München - Über die möglichen Nebenwirkungen von Baldrian ist ein Expertenstreit entbrannt. Das Komitee Forschung Naturmedizin wies in München Warnungen vor einer Suchtgefahr als falsch und irreführend zurück. "Nach allen bisher vorliegenden wissenschaftlichen Untersuchungen sind bei dem bewährten pflanzlichen Arzneimittel keine Abhängigkeit und keine Entzugserscheinungen zu befürchten", erklärte das Komitee. Die Naturmedizin-Experten widersprachen damit der Deutschen Gesellschaft für Psychiatrie, Psychotherapie und Nervenheilkunde.

Pro

Nach deren Überzeugung besteht eine Suchtgefahr vor allem bei Angstpatienten, die über einen längeren Zeitraum Baldrian in hohen Dosen einnehmen. Manche Patienten nähmen bis zu 200 Baldrianperlen am Tag. Wenn dieses Arzneimittel dann abgesetzt werde, könne es zu ernsten Entzugserscheinungen kommen. Die Patienten litten unter starker Unruhe, Schwindelanfällen, Schweißausbrüchen, erhöhtem Blutdruck und Herzrhythmusstörungen. Sogar Orientierungsverlust bis hin zum so genannten Delirium tremens könne die Folge sein.

Contra

Die Naturmediziner erklärten dagegen unter Berufung auf klinische Studien, der Baldrianextrakt habe nicht nur eine hohe therapeutische Wirksamkeit bei Einschlafstörungen, innerer Unruhe und Nervosität, sondern sei auch eine praktisch nebenwirkungsfreie Alternative zu synthetischen Präparaten. Das Komitee verwies auf eine Stellungnahme des Ravensburger Psychiatrie-Professors Volker Faust, der davor warnte, Entzugserscheinungen mit "Absetzerscheinungen" zu verwechseln.

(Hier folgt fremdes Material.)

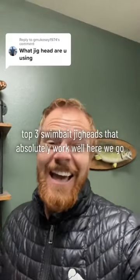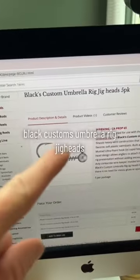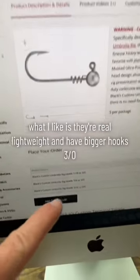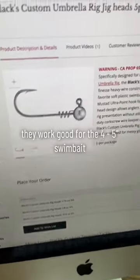Top three swim bait jig heads that absolutely work well. Black Customs Umbrella Rig Jig Heads — what I like is they're real lightweight and have bigger hooks, 3-0. They work good for the 4 to 5 inch swim bait.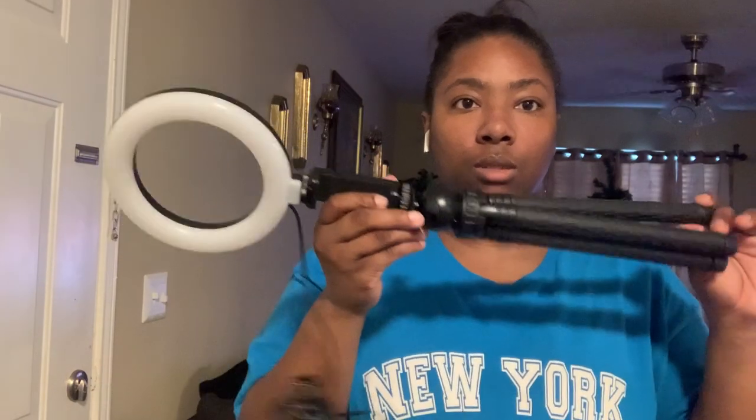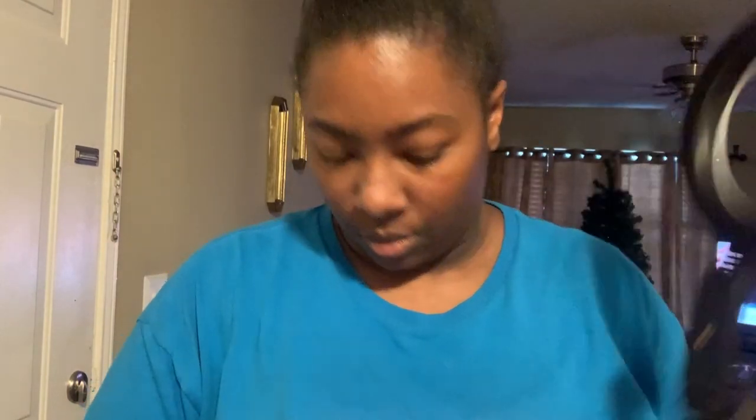So this is what we have so far. It has a USB port. Let me take it down and untie it — I'm gonna just plug it into my laptop. Oh, that's bright. That is really bright.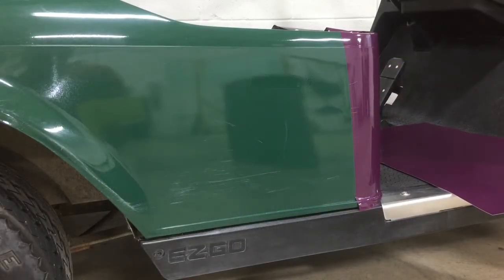Hi, this is Pete, Golf Car Graphics. Today we're going to show you how to overlap your wrap panels. We've had questions from customers on the best way to do an overlap when you've got two panels coming together. On a golf car wrap, you have to have overlapping panels just because of the shape of the body.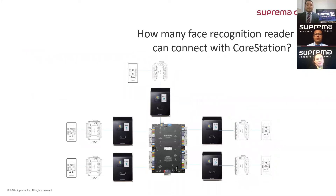Eduardo, this one is for you. As you can see in the picture on the slide, five units can be connected to one pair of CoreStation RS-485 channels. One thing to note is that besides the facial device, you can still utilize the channel to connect more slave devices through RS-485 communication.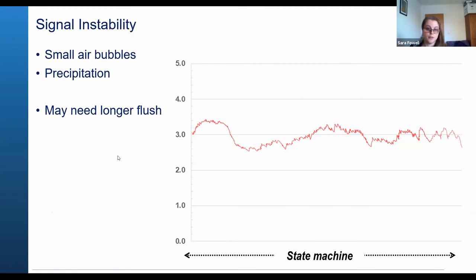You can get an unstable signal from a collection of small bubbles or from precipitation of the MCP dye, giving a random pattern around your maximum voltage. When you see a signal like this, you may need to flush for a long length of time. I recommend using the auto start function and programming it to deploy every 30 minutes or every hour overnight using the dilute dishwashing soap. Then once you come back the next day, manually flush it from the sensor control just using water, to flush out any extra bubbles, and hopefully that should bring back the stable signal.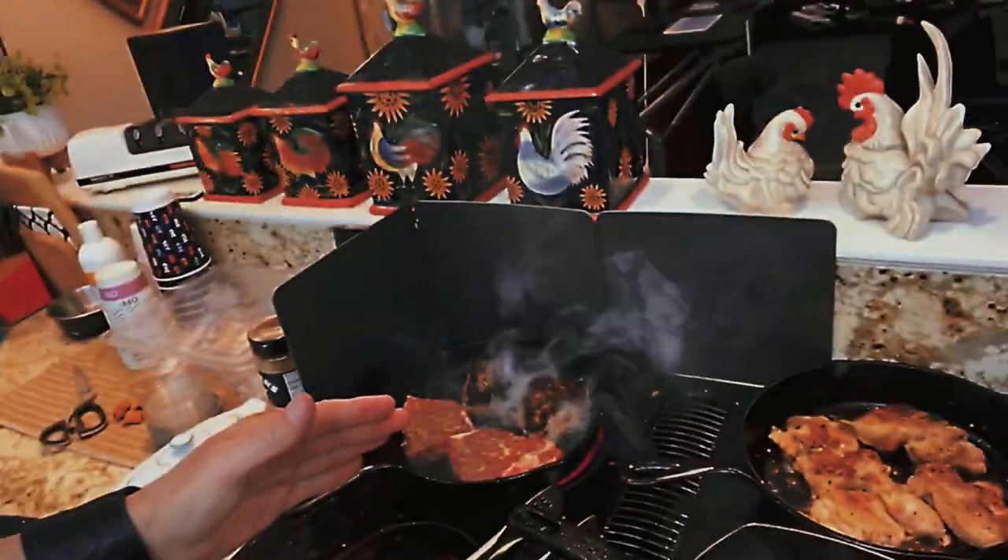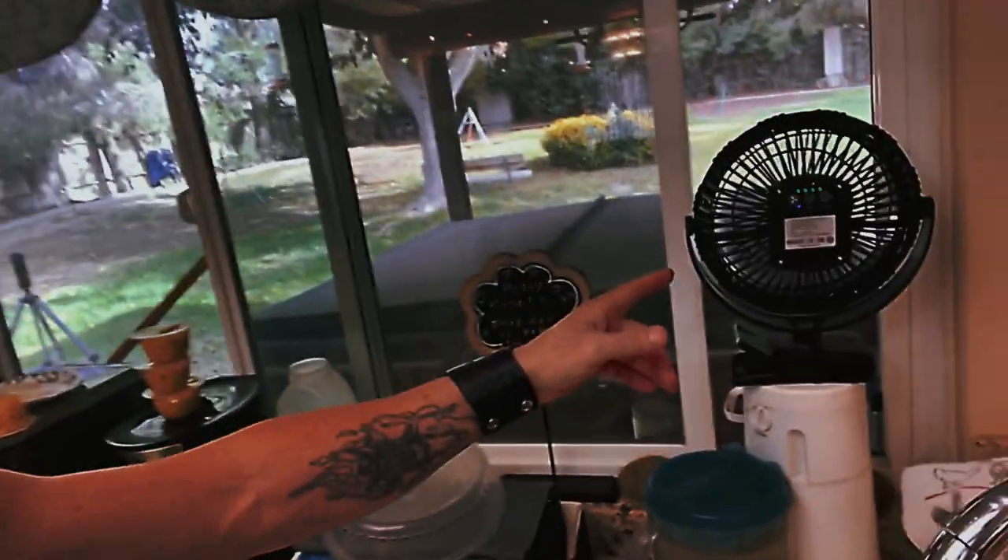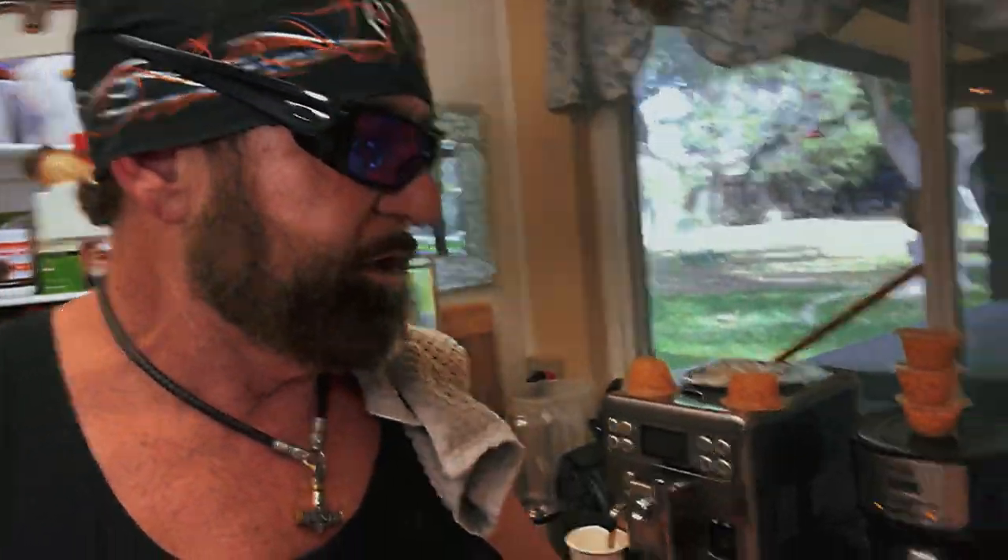It does get a little smoky, so I have the fan here. You want to get a battery power plant and vent this stuff outside, because in order to do this right you want to cook it just right, and it has a tendency to smoke just a little bit.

"Absetzerscheinungen haben mit einer Sucht nicht zu tun", betonte Faust. Sie kämen auch bei nicht süchtig machenden Stoffen vor und seien nur der Hinweis darauf, dass der Organismus auf das plötzliche Fehlen einer Substanz irritiert reagiere. Allerdings warnte auch Faust vor einem Baldrian-Missbrauch und riet speziell bei Angststörungen, auf eine Selbstbehandlung zu verzichten und einen Arzt aufzusuchen.

Boom

Nach Angaben der Gesellschaft für Psychiatrie, Psychotherapie und Nervenheilkunde steigt nicht nur die Zahl der rezeptfrei gekauften Baldriantabletten, -tees und -tropfen stetig, sondern solche Präparate werden auch immer häufiger von Ärzten verordnet. Die beruhigenden Substanzen des Baldrians sind ätherische Öle und der Wirkstoff Valepotriat. Wie das pflanzliche Heilmittel im einzelnen auf das Nervensystem wirkt, ist den Psychiatern zufolge bisher noch nicht eindeutig geklärt. Gleichwohl hätten sich die Extrakte bei zeitweiligen Unruhezuständen, Prüfungsstress oder vorübergehenden Einschlafstörungen bewährt.(APA)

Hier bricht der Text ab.